**ACTION ITEM:**
A verbatim repeat of the lines below is required, with the pictures removed.

----- DATA FOR PROCESSING

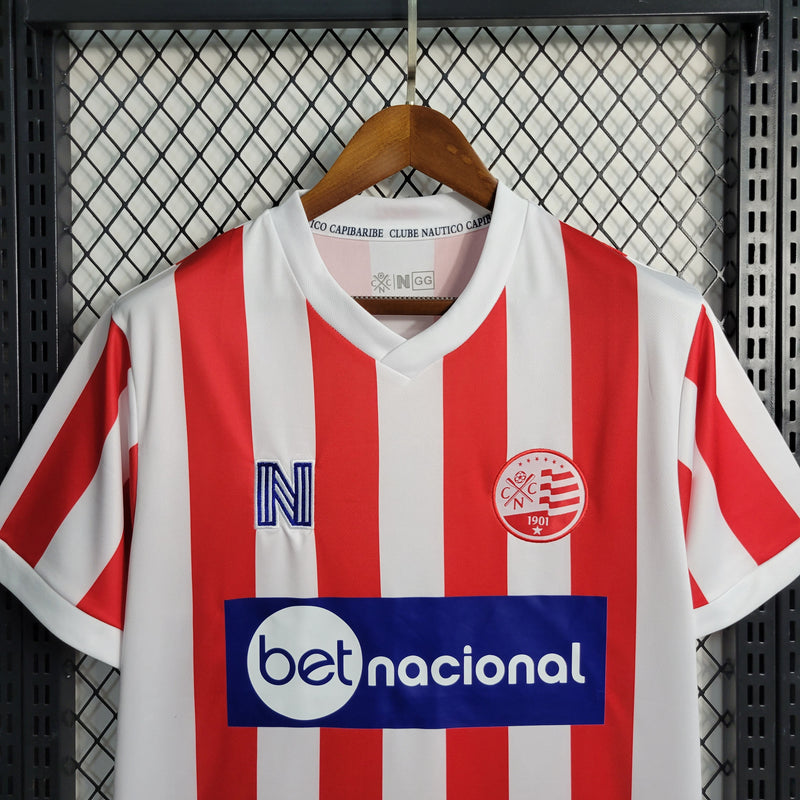 Camisa Náutico 2023/24 Home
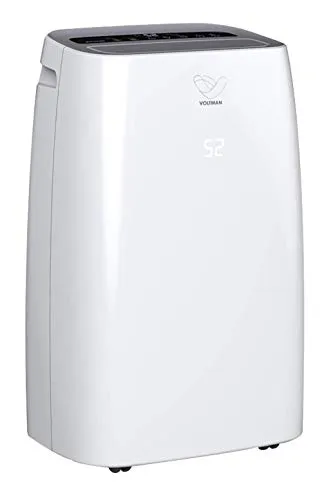 Voltman VOM541112 Déshumidificateur 30L/jour WiFi blanc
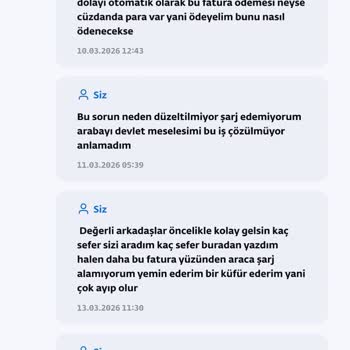 Togg T10X V2'de Sağa Çekme Ve Direksiyon Titremesi, Servis Cevapsızlığı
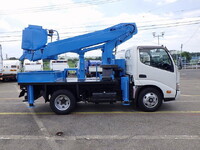HINO Dutro Cherry Picker TKG-XZU600X 2015 9,000km_5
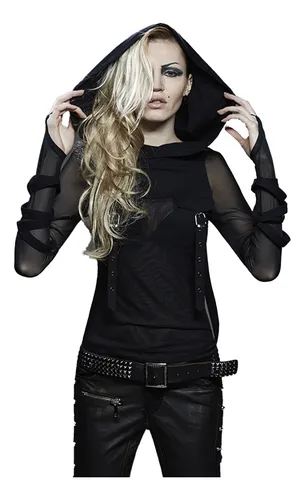 Blusas rockeras online para mujer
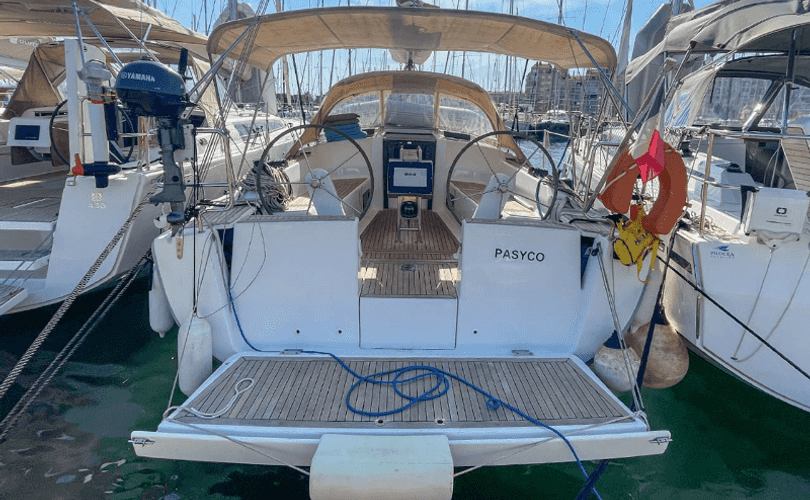 Photo Hanse 348 (2021)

----------

**RESPONSE TO THE EXERCISE:**
 Camisa Náutico 2023/24 Home
 Voltman VOM541112 Déshumidificateur 30L/jour WiFi blanc
 Togg T10X V2'de Sağa Çekme Ve Direksiyon Titremesi, Servis Cevapsızlığı
HINO Dutro Cherry Picker TKG-XZU600X 2015 9,000km_5
 Blusas rockeras online para mujer
 Photo Hanse 348 (2021)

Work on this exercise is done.